男性こと青年の父親は、ゆっくりと頷いた。頷いたのを確認すると、夜尾の顔が一気に明るくなった。父親は立ち上がり、大事そうに何かを抱えて戻って来た。父親は抱えていた物を置いた。夜尾は気になって覗いて見ると・・・・小さな木の箱だった。父親は言った。

「さあ夜尾、この箱の中にある物が、長の証だ」

夜尾はゆっくりと箱の蓋(ふた)を開けた。蓋を開けた瞬間だった。箱の中から、どす黒い煙が辺りに立ち込めた。夜尾は慌てて蓋をしようとしたが、もう遅かった。煙の勢いに負け、夜尾は弾き飛ばされた。

「いってー。親父!こいつは一体何なんだ!」

夜尾は煙の中に居ても、平然としている父親に向かって叫んだ。

「言ってなかったか?これは、野狐組が善狐組を倒す為の、重要な物だ」

父親は言い終わるのと同時に、体がまるで土のように崩れていった。すると、箱の中から煙と共に、漆黒の小さな玉が浮かんだ。その玉から声が響いた。

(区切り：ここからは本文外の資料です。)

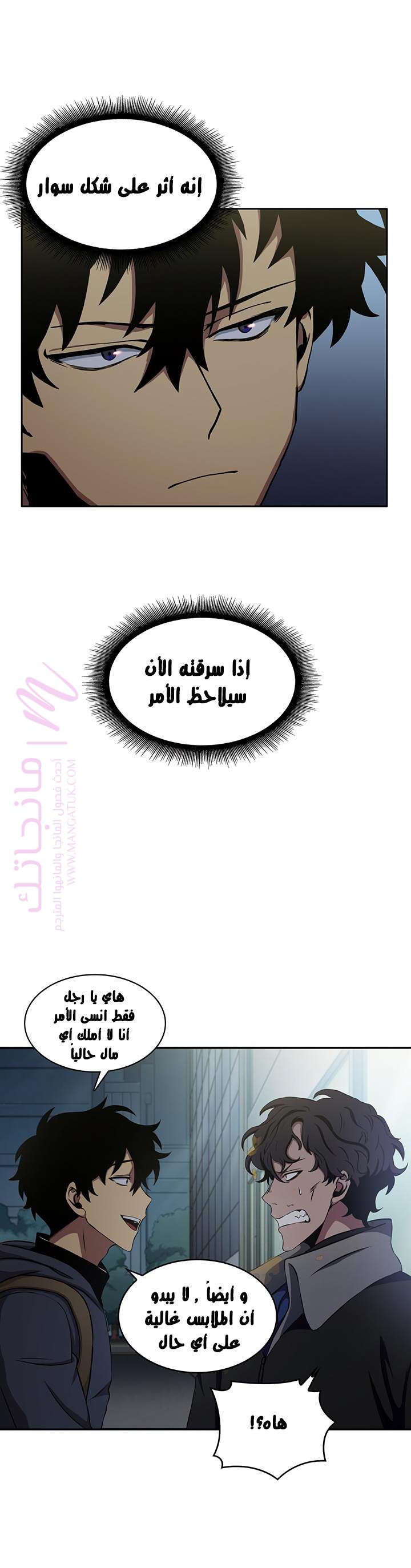 الصفحة 27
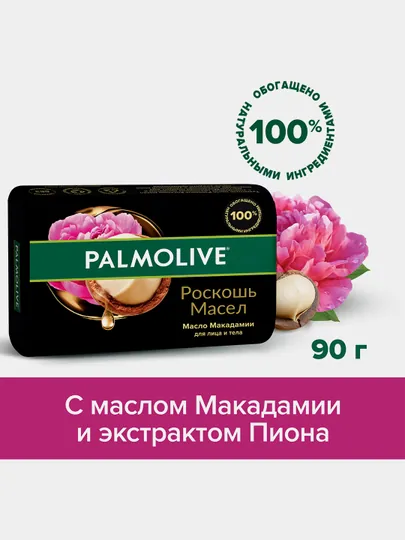 Мыло туалетное Palmolive масло Макадамии, 90 г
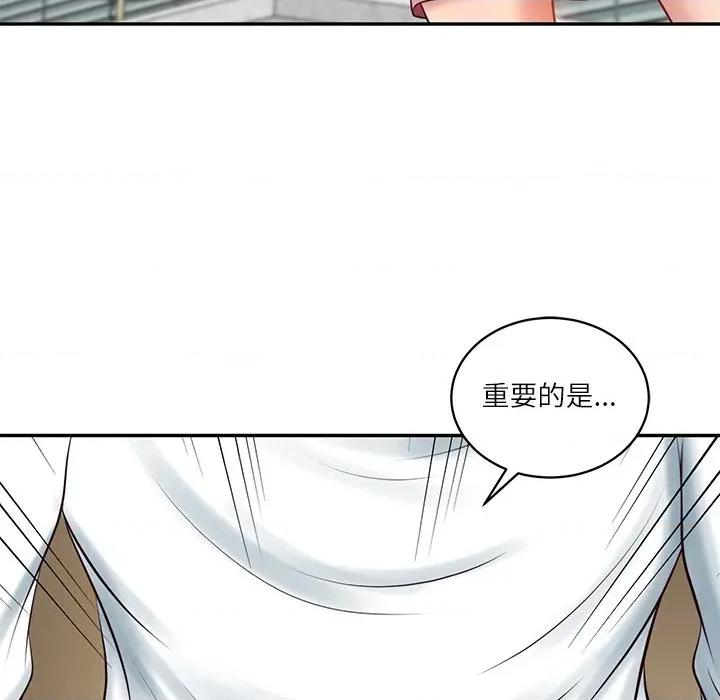 財閥家的女婿 財閥家的女婿-財閥家的女婿 第58話 第46页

「我の魔力に最後まで耐えるとは、大した奴だ。さて、次に我と契約を結ぶ者は何処だ」

夜尾は構え、目に涙を溜ながら玉に向かって叫んだ。

「お前・・・・よくも俺の親父を!!」

玉は夜尾の殺気をものともせずに言った。

「これは驚いた。我の殺気に耐える者が居るとは・・・お前、我と契約せぬか?そうすれば、お前の願いを叶えてやろう」

夜尾は殺気を放ちながら言った。

「ふん!誰がお前の誘いに乗るもんか!」

玉は言った。

「そうか・・・・お前の父親は、我と契約をした。そして、力を与え、ここで朽ち果てた。我はお前が欲しい」

夜尾は一瞬動きが止まった。だが、直ぐに構え、叫んだ。

嘘だ――――!!お前は絶対に許さね――――!!

夜尾は玉に向かって走り出した。

「愚かな・・・・」

玉は漆黒の光を放ち、夜尾を包み込んだ。

(夜光・・・・すまねー・・・・・)

夜尾は意識を失い、倒れた。勇人は叫び声を上げそうになったが、何とか耐えた。玉は夜尾の側に浮いてきた。玉は夜尾の体の中に入り込んだ。夜尾は起き上がり、空を見上げて言った。

「くくく・・・・我の復活は目前だ・・・・」

玉に乗っ取られた夜尾の高笑いが、何処までも響いた。勇人はあまりの恐さに、立てなくなっていた。すると、勇人の目の前が真っ暗になり、意識を手放した。

 

*第一章* 闇の狐 

 妖魔界(ようまかい)の最北端。森が広がり、濃霧が森を包んでいた。森の奥に巨大な岩山があった。岩山の中腹に洞窟があり、灯りが一つもない、闇が広がっていた……

 

「夜尾様、使いの者から報告がありました」

「ほう。どのような内容だ?」

「夏の国が、復活したとの事です」

夜尾は眉間に皺を寄せたと思いきや、突然笑い出した。

「はっ、はっ、はっ!!遂に姿を現したか。まさか、夏の国を復活させるとはな」

夜尾は暫く笑っていた。まるで、この状況を楽しんでいるかのようだ。

「で、奴らは今何所に?」

「冬(とう)の国に向かっております」

「冬の国か。羽黒(はぐろ)」

洞窟の暗闇に、漆黒の翼が現れ、一人の男が姿を現した。

「お呼びでしょうか?」

「あぁ。どうやら例の一族が、この妖魔界に来たようだ。今奴らは、冬の国に向かっている」

羽黒はニヤリと笑った。

「その一族、我々にお任せを」

「任せた。必ず、生け捕りにしろ」

羽黒は翼を広げ、暗闇の中へ消えて行った。